This case has very little to do with the gliding scale between certainty and potentia. The legal system usually do not care about technicalities of technology but rather the interpretation of legal arguments. In here the Foregone Conclusion Doctrine is not about the existence of the data. The idea is that the government must already know a certain amount, and the dispute is over how much they know. In the case of the journal, some courts have find that the government need to know about the journal and that they contain authentic evidence in order to argue a forgone conclusion, while other courts think it is enough that the government know about the wall safe. Courts that demand that the government know about the content usually reject the case and the opposite for the later.

It is also important to understand that its not the journal itself that get subpoena. In the later case it is the wall case, with the government arguing that all locked wall cases must contain an unlocked wall case. The conclusion of the existence of an unlocked wall case is thus a forgone conclusion, with the content within being irrelevant to the argument.

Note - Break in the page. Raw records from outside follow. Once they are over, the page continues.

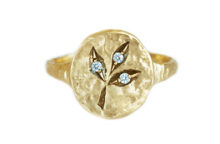 hammered gold signet ring with leaf and diamond motif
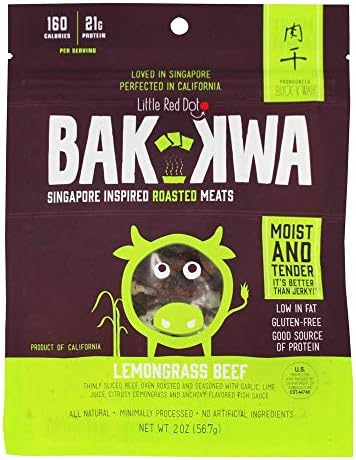 Little Red Dot - Bak Kwa Signapore Inspired Roasted Meats Lemongrass Beef - 2 oz.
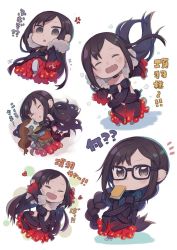 Rule 34 | 1boy, 1girl, :d, ^ ^, anger vein, bare shoulders, black-framed eyewear, black dress, black hair, blue dress, blush, book, chibi, closed eyes, colored shadow, dress, fang, fate/grand order, fate (series), fur trim, glasses, highres, holding, holding book, long hair, long sleeves, lying, multiple views, on side, open mouth, outstretched arms, parted lips, shadow, sleeves past wrists, smile, spread arms, strapless, strapless dress, striped clothes, striped dress, swept bangs, totatokeke, translation request, vertical-striped clothes, vertical-striped dress, very long hair, white background, wide sleeves, xiang yu (fate), yu mei-ren (fate)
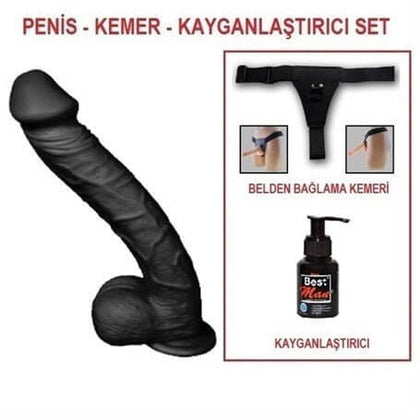 33 cm Belden Bağlamalı Realistik Dev Zenci Penis Set - BDM10020SB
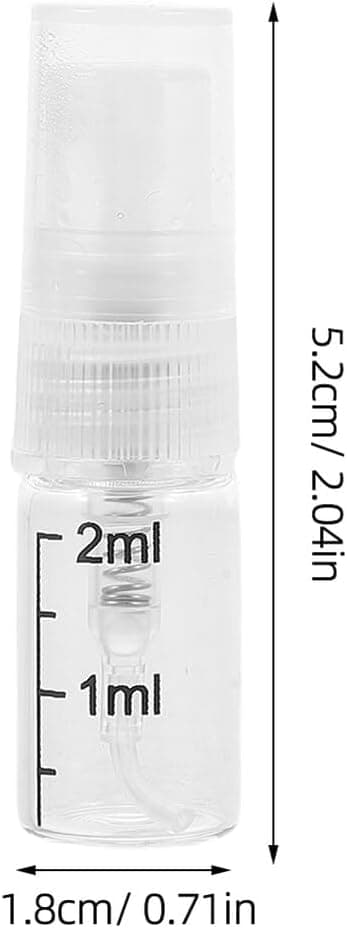 5 stk 2 ml glass mini sprayflasker med gradert finforstøver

The court in this case looked at this and said "The Commonwealth is seeking the password, not as an end, but as a pathway to the files being withheld". This basically mean that they don't accept the argument that the government can request the password based on the simple fact that an encrypted disk exist. Thus the focus is changed away from the container and onto the information within, and here the court do not think the government has enough information to prove a forgone conclusion.

I'm a bit confused about what you're saying here. We've already established that a court can't force you to provide the password to open a wall case. Why does it matter whether they know about the container or the contents?